[Saved entries]
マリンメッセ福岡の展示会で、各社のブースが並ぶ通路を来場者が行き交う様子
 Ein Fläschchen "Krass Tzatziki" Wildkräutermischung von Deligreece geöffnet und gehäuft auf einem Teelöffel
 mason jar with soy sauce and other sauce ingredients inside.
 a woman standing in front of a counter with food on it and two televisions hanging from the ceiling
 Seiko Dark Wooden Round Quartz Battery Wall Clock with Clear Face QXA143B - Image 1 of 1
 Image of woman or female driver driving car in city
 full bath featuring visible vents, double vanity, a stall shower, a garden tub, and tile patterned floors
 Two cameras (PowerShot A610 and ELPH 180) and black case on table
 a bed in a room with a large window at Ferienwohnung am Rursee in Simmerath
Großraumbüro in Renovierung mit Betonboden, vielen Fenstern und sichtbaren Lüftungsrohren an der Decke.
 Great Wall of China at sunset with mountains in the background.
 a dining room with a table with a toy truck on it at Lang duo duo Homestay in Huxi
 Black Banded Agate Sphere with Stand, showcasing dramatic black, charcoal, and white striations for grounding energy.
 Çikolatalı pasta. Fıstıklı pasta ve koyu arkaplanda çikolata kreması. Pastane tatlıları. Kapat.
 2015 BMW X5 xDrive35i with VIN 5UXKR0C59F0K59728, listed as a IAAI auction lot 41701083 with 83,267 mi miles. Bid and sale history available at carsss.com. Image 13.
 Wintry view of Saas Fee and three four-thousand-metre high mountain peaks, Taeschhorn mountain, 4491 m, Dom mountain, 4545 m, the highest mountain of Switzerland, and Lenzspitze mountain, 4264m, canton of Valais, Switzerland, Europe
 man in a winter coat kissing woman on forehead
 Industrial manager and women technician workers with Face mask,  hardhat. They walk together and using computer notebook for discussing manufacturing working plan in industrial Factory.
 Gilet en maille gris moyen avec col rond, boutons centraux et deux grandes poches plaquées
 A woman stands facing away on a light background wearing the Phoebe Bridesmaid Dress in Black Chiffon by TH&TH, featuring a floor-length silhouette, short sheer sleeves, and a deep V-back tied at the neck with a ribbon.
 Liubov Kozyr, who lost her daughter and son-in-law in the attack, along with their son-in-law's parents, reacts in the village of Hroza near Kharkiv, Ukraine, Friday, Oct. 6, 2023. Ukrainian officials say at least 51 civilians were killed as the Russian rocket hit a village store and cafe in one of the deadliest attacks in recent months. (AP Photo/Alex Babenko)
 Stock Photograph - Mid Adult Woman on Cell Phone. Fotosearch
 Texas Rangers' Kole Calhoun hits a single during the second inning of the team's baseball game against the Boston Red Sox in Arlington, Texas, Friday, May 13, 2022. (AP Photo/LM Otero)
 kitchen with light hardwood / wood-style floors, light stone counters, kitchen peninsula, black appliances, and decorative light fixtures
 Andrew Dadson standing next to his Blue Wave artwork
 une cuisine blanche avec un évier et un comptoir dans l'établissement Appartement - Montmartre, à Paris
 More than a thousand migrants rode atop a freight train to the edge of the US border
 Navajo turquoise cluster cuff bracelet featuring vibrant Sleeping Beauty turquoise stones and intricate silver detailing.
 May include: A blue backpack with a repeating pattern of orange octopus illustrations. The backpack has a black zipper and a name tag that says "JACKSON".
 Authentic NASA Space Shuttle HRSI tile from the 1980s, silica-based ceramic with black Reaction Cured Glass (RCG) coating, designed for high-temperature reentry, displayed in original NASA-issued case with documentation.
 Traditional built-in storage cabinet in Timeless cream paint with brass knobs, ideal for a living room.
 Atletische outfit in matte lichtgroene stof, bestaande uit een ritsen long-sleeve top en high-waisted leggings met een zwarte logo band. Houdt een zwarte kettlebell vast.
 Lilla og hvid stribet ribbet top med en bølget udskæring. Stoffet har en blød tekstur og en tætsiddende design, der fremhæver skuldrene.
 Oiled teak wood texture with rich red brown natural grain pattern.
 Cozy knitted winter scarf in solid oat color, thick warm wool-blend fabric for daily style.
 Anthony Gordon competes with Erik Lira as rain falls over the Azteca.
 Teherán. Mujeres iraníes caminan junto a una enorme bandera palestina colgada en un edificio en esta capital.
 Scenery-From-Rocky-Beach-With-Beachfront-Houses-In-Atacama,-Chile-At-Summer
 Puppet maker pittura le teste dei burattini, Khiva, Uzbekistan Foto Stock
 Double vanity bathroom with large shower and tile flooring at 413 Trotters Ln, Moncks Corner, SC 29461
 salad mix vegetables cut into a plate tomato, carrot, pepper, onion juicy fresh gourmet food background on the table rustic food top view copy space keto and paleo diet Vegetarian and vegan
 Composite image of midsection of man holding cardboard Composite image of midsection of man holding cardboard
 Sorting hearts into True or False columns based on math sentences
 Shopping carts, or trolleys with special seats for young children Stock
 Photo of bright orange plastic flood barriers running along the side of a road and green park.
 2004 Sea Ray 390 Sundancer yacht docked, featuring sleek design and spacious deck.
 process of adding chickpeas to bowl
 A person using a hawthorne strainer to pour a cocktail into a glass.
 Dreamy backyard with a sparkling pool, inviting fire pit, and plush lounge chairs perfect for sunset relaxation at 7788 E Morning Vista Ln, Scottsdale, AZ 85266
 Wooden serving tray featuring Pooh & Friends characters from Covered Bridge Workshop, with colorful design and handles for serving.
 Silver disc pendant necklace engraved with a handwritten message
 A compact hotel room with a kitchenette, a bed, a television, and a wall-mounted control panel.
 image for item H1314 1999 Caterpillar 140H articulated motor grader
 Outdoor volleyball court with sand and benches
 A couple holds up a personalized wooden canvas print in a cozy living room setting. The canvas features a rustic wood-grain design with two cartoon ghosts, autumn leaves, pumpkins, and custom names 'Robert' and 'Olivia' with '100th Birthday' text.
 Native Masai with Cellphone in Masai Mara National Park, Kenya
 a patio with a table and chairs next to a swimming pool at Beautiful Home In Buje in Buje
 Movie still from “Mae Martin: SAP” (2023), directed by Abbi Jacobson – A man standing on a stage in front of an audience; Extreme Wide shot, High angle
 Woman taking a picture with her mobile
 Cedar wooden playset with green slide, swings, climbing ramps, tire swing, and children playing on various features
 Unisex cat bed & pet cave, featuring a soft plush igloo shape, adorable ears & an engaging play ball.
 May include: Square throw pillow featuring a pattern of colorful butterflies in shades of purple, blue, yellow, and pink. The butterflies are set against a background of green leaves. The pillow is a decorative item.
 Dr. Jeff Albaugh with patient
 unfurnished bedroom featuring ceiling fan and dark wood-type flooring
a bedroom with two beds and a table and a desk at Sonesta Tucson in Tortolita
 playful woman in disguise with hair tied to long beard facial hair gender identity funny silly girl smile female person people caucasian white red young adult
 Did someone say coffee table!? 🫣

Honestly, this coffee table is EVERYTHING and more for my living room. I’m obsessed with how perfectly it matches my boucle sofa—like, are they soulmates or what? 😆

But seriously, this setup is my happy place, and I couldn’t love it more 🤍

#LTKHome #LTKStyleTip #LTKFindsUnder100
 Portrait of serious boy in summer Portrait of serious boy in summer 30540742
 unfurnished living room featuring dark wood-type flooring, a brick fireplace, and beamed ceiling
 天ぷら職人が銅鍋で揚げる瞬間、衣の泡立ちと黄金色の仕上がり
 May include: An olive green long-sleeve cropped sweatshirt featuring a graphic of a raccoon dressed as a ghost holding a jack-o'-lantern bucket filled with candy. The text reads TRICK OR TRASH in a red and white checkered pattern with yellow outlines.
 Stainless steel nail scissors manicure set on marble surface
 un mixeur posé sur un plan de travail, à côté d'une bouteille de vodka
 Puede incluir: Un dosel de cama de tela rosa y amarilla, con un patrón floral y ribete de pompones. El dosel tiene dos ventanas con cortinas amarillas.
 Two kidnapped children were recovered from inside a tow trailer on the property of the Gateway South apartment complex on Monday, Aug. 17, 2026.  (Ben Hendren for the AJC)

» **REQUIRED WORK**
From the opening line of the data above through the line holding "Great Wall of", give every line again exactly as it stands.

» **ANSWER TO THIS EXERCISE**
マリンメッセ福岡の展示会で、各社のブースが並ぶ通路を来場者が行き交う様子
 Ein Fläschchen "Krass Tzatziki" Wildkräutermischung von Deligreece geöffnet und gehäuft auf einem Teelöffel
 mason jar with soy sauce and other sauce ingredients inside.
 a woman standing in front of a counter with food on it and two televisions hanging from the ceiling
 Seiko Dark Wooden Round Quartz Battery Wall Clock with Clear Face QXA143B - Image 1 of 1
 Image of woman or female driver driving car in city
 full bath featuring visible vents, double vanity, a stall shower, a garden tub, and tile patterned floors
 Two cameras (PowerShot A610 and ELPH 180) and black case on table
 a bed in a room with a large window at Ferienwohnung am Rursee in Simmerath
Großraumbüro in Renovierung mit Betonboden, vielen Fenstern und sichtbaren Lüftungsrohren an der Decke.
 Great Wall of China at sunset with mountains in the background.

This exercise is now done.